#### [Aim of the task]
Copy word for word the lines in the records below, starting at the line with "Wodorowy autobus na testach w Gdyni" and ending at the line with "EKF Plastic Anchor-Cable Tie White 2". Skip the pictures.

#### [Recorded data]
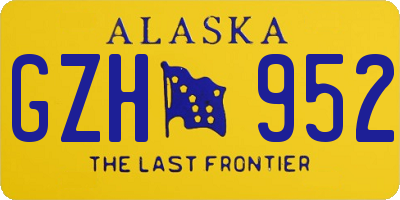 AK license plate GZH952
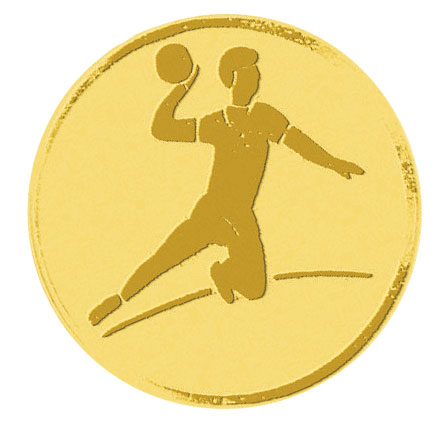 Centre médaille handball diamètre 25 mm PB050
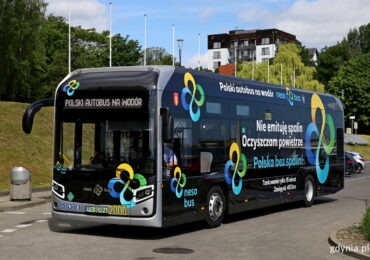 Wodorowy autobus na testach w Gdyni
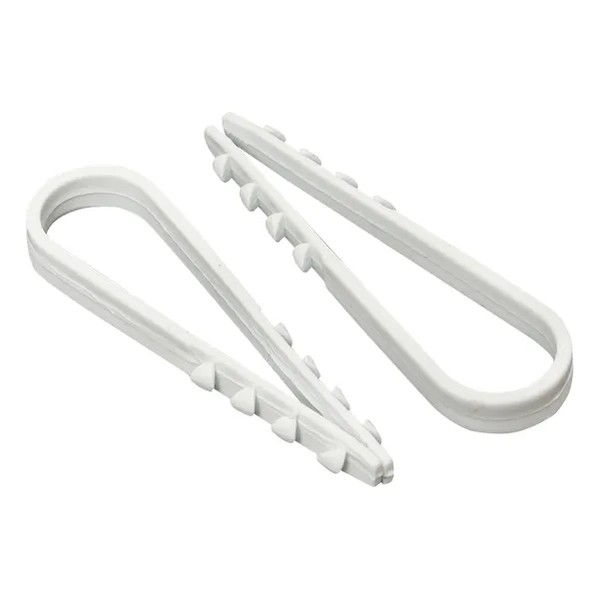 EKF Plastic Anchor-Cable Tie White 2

==

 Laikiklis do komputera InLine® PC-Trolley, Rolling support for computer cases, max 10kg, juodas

#### [Answer to the exercise]
 Wodorowy autobus na testach w Gdyni
 EKF Plastic Anchor-Cable Tie White 2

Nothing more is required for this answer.